Durante a preparação de seu oitavo longa, Aïnouz reviu muito da produção americana de décadas atrás, filmes como “Vestida para matar” (1980), de Brian de Palma, e “Corpos ardentes” (1981), de Lawrence Kasdan.

 


“O thriller erótico vem de um momento histórico de Hollywood que foi uma inspiração para mim. É um cinema de estúdio, que tem uma ambição comercial. Mas é um cinema muito livre narrativamente. Para mim era muito importante, depois do tanto conservadorismo que vivemos, ter um cinema que pudesse falar desabusadamente de sexo. Porque sexo é igual a tomar café da manhã. Todo mundo faz, não tem nada demais. O que é interessante é ver como esses corpos se grudam e se tornam um corpo só, então o sexo no filme foi desenhado para isso.”

 


Ainda que o sexo seja onipresente, Aïnouz pretende que “Motel Destino” atinja o público por outras vias. “A gente usa uma roupagem que tem tensão, perigo, cor, ou seja, uma matéria cinematográfica. Mas o tema é outro. Queria falar sobre um estado de coisas que é violento, porque (Dayana e Heraldo) são ameaçados o tempo inteiro.
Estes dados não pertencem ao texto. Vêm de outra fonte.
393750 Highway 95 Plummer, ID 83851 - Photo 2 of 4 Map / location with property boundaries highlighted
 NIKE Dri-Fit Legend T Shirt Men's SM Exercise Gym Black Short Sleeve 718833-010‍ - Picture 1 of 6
Quis também não filmar a violência, mas sim as causas e as consequências. Porque a definição da sociedade brasileira é a violência, a violência a que a elite submete as pessoas é gigante. Acho importante falar disso, mas não reproduzir as imagens”, diz.

 

 

“MOTEL DESTINO”
(Brasil/França/Alemanha/Reino Unido, 2024, 115min.) Direção: Karim Aïnouz. Com Iago Xavier, Nataly Rocha e Fábio Assunção. O filme estreia nesta quinta-feira (22/8), no Pátio 1 (16h e 18h) e no UNA Cine Belas Artes (Sala 1, 16h, 18h). Entra em cartaz na sexta (23/8), no Centro Cultural Unimed-BH Minas (Sala 2, 20h40, não haverá sessão na terça, 27/8).